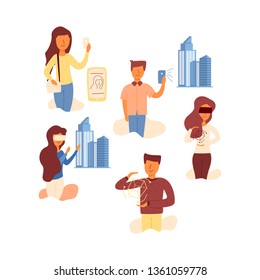 Vector Flat girl holding a smart phone face ID in her hands. A man uses the phone shows the presentation of a hologram of a 3D building of hotel. A woman with glasses in an extra reality of building. - Powered by Shutterstock - Get 15% off with code: PIKWIZARD15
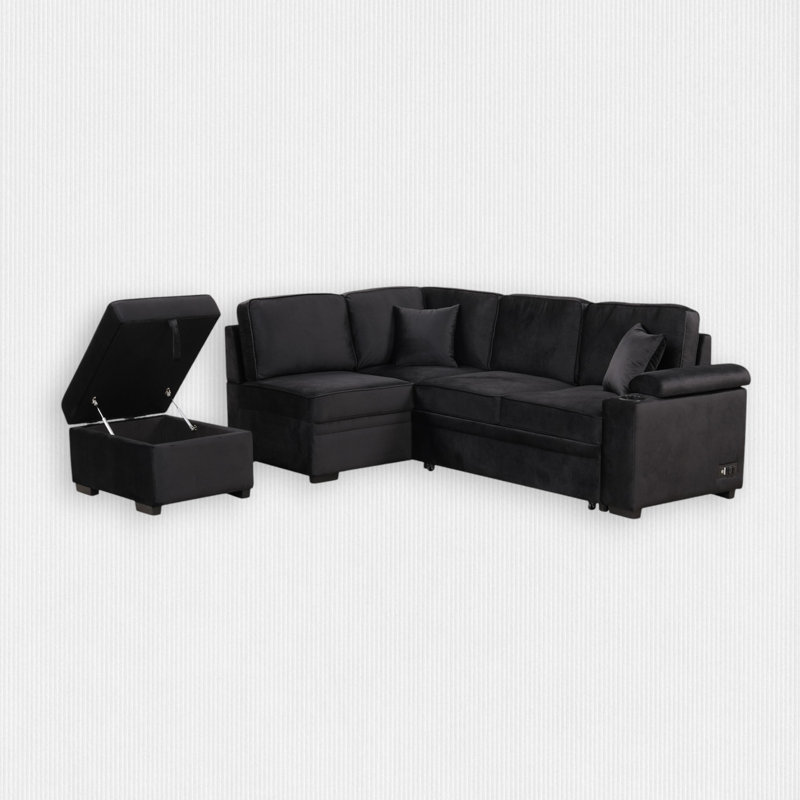 Cassan Upholstered L-Shaped Sectional Left Hand Facing, Black Velvet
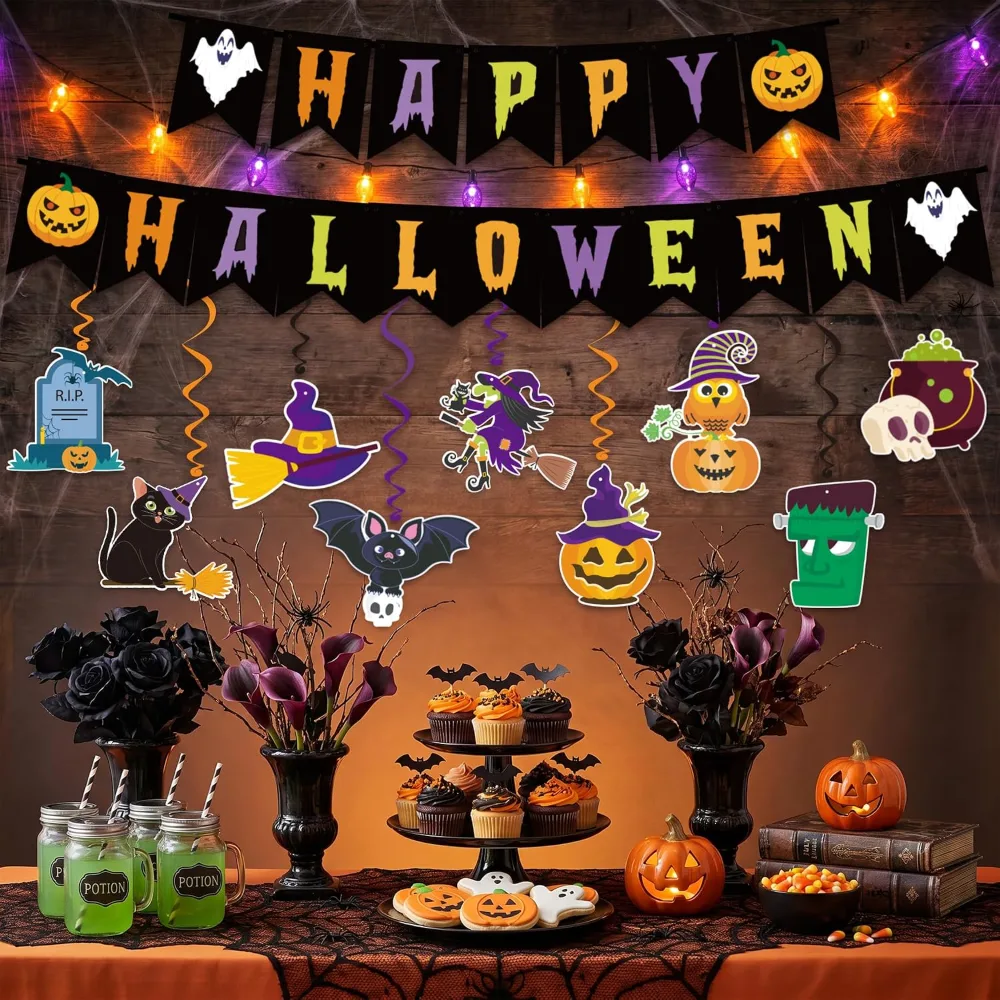 Halloween Decorations HAPPY HALLOWEEN Banner Pumpkins Bats, view 5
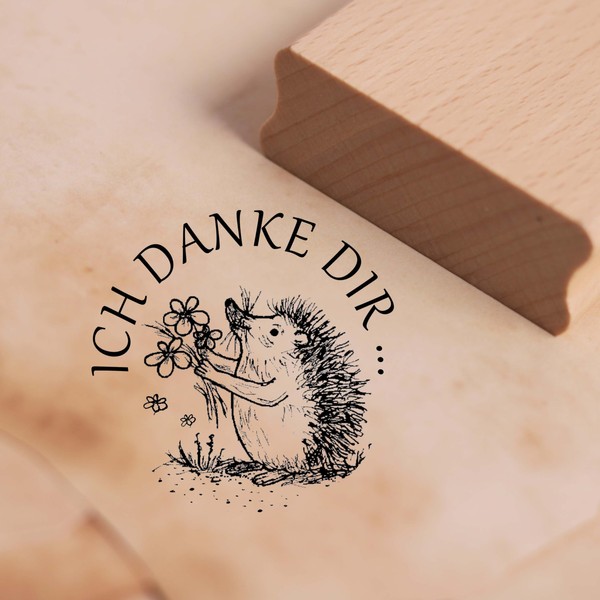 Dekolando Motivstempel Ich danke dir - Igel mit Blumen Stempel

------------------------------------

§ EXERCISE REQUIREMENTS
In the listing above, transcribe exactly the lines from the line containing "Cassan Upholstered L-Shaped" through the last one, both included, but not the pictures.

§ FINAL ANSWER
 Cassan Upholstered L-Shaped Sectional Left Hand Facing, Black Velvet
 Halloween Decorations HAPPY HALLOWEEN Banner Pumpkins Bats, view 5
 Dekolando Motivstempel Ich danke dir - Igel mit Blumen Stempel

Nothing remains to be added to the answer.